— Exercise directions —
What is needed is the exact text of each line in the listing below from the one with "Pull d'automne confortable" up to and including the one with "Силиконовый чехол для", and no pictures.

— Data extracts —
--------------------------------------------------

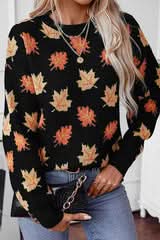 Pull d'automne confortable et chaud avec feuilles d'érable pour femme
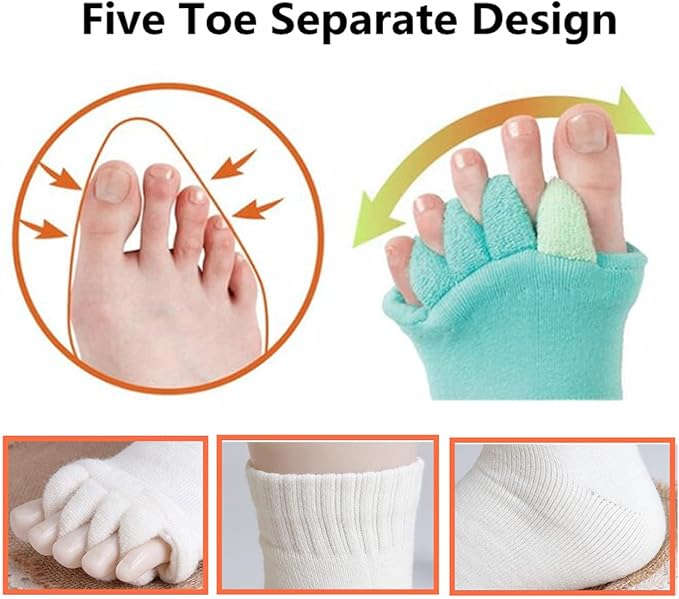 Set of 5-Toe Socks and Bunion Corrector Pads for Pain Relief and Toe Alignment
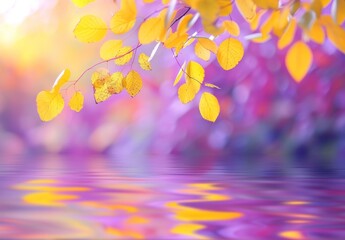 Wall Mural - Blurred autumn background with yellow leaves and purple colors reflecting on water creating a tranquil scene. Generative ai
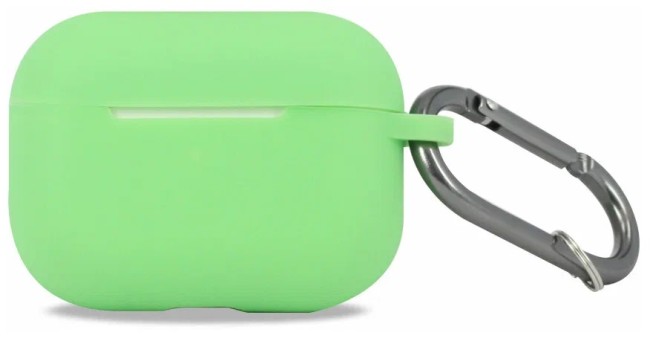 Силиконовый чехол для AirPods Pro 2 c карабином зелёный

--------------------------------------------------

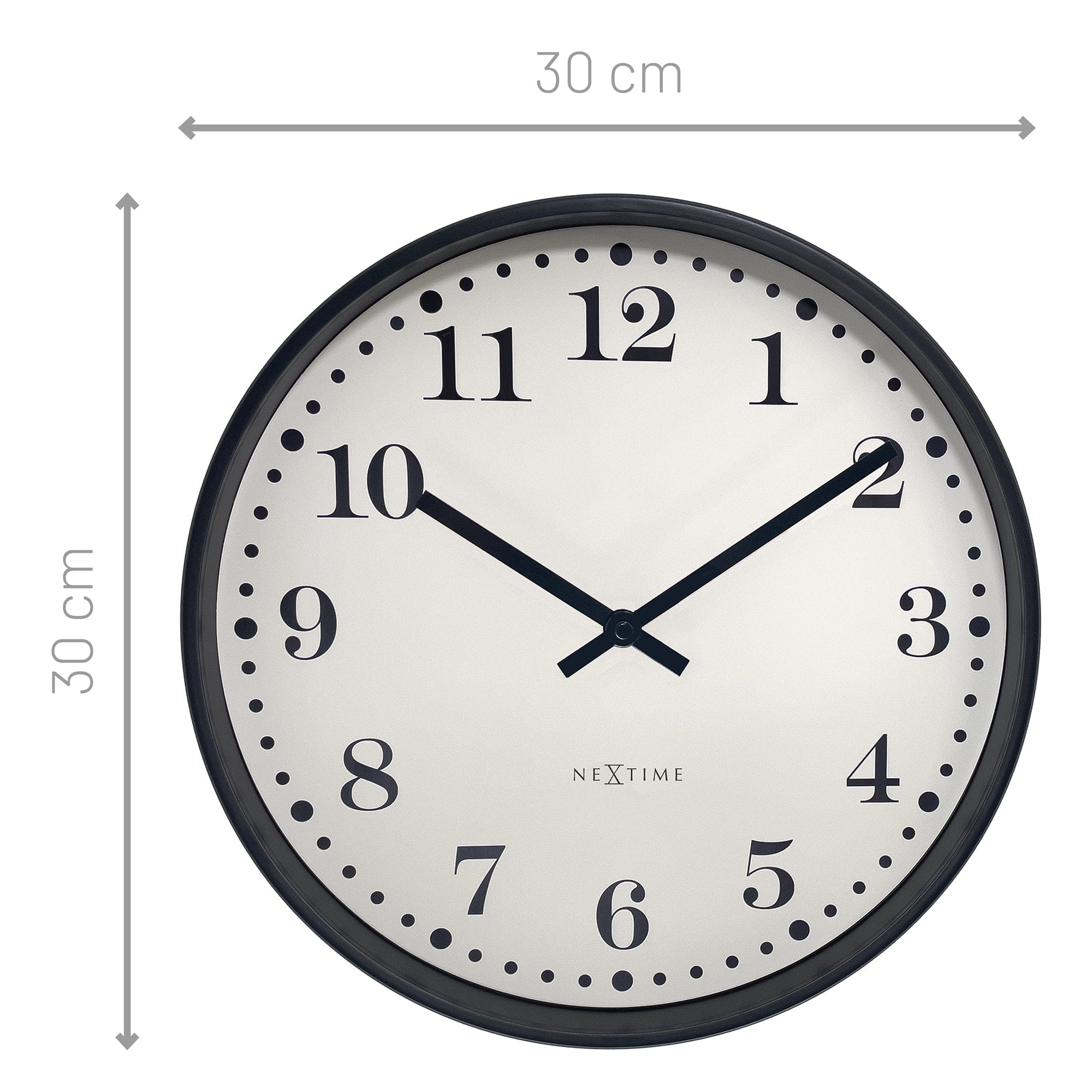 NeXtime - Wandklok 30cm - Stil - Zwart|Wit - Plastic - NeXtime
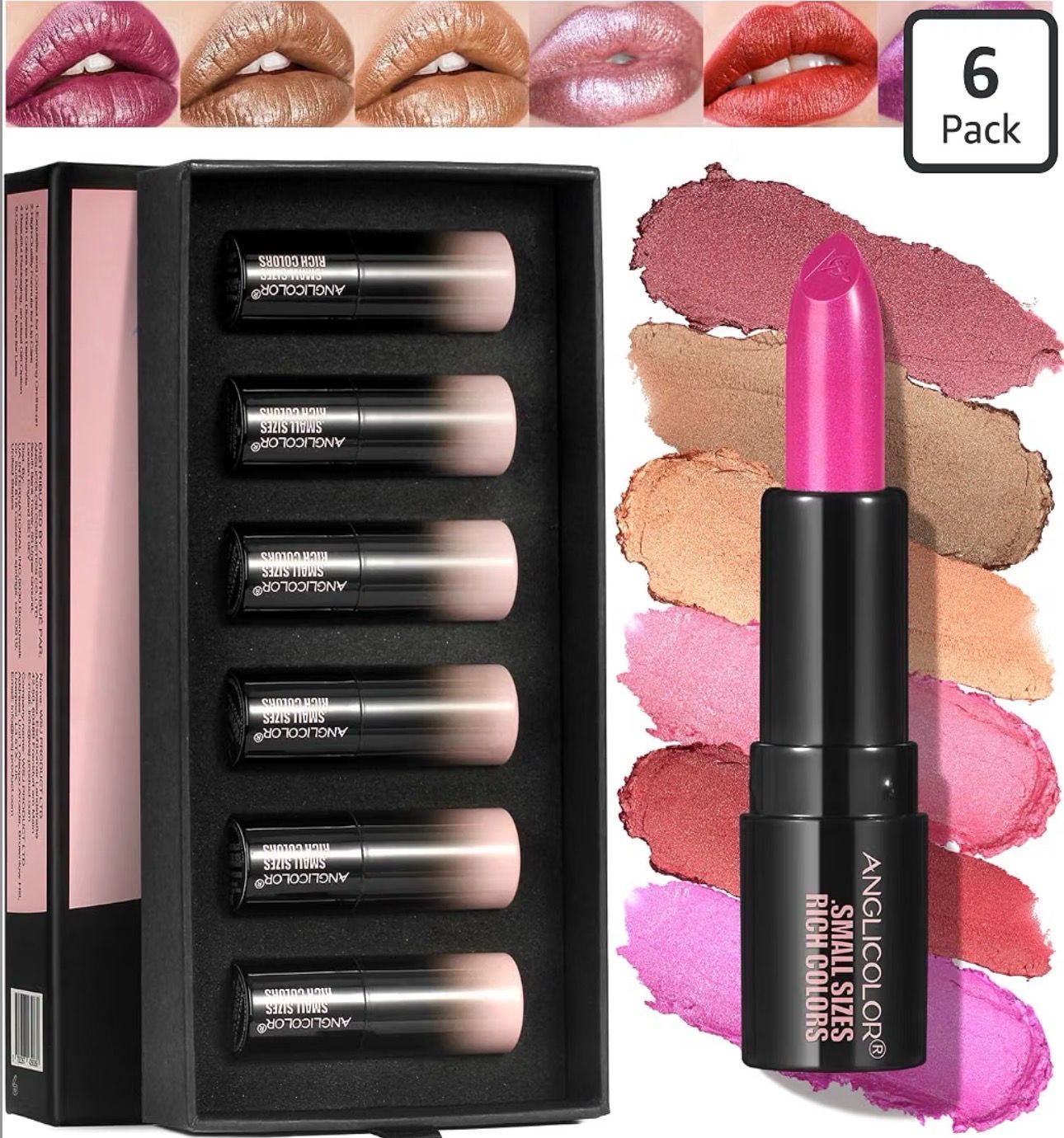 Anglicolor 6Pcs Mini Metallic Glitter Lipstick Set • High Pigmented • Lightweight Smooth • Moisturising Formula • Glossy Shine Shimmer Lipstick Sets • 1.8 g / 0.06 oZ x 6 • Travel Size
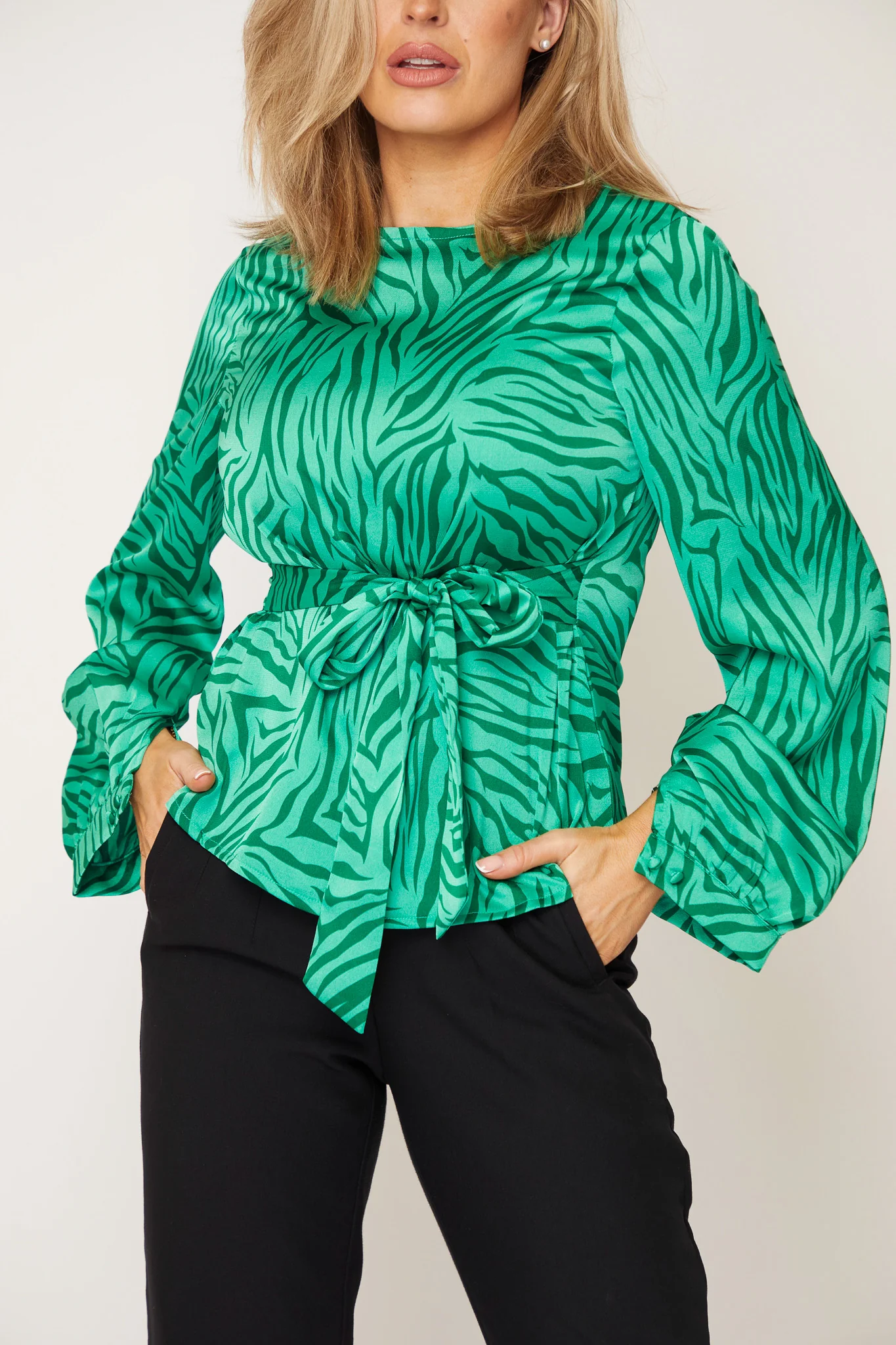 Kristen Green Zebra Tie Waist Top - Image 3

--------------------------------------------------

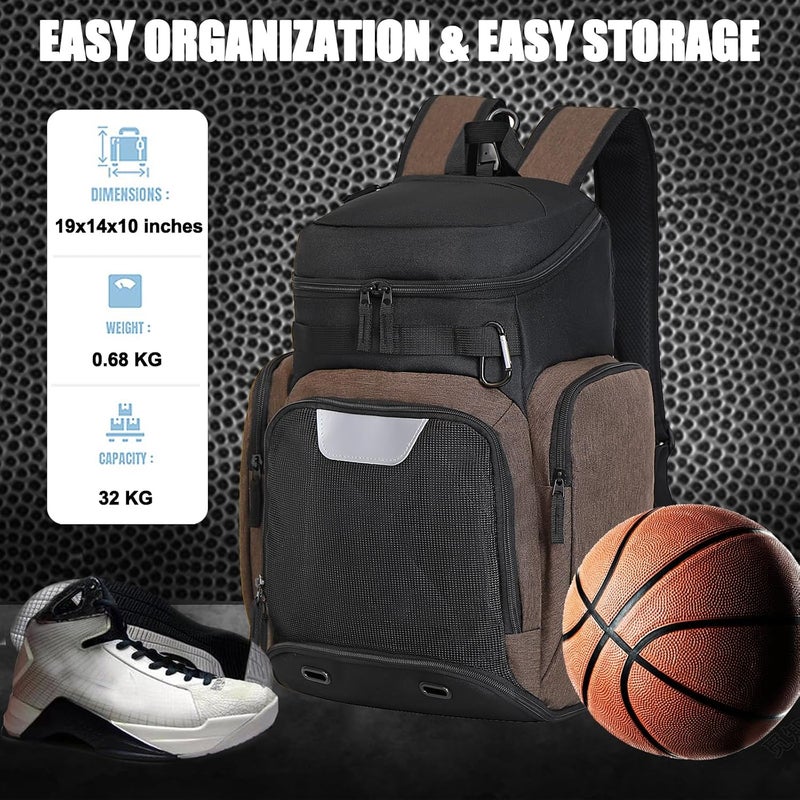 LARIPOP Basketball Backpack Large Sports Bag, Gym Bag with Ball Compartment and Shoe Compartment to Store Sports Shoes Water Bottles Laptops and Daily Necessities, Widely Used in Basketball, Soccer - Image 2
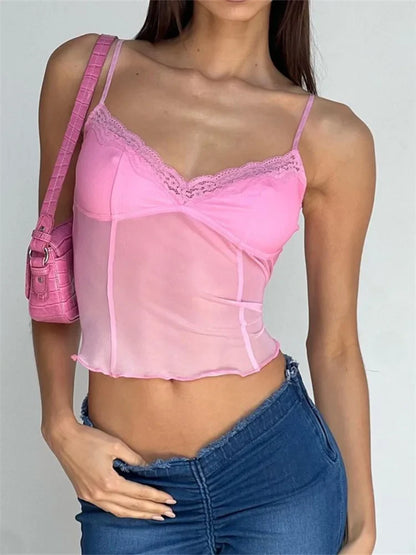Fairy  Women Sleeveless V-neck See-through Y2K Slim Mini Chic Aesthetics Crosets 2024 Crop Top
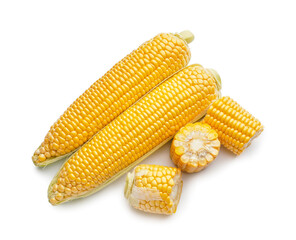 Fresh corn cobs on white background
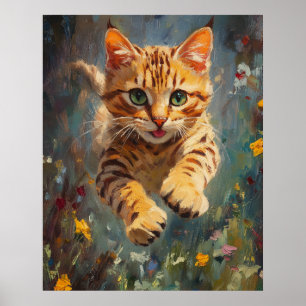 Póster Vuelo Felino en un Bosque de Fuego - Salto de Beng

--------------------------------------------------

— Response area —
 Pull d'automne confortable et chaud avec feuilles d'érable pour femme
 Set of 5-Toe Socks and Bunion Corrector Pads for Pain Relief and Toe Alignment
 Wall Mural - Blurred autumn background with yellow leaves and purple colors reflecting on water creating a tranquil scene. Generative ai
 Силиконовый чехол для AirPods Pro 2 c карабином зелёный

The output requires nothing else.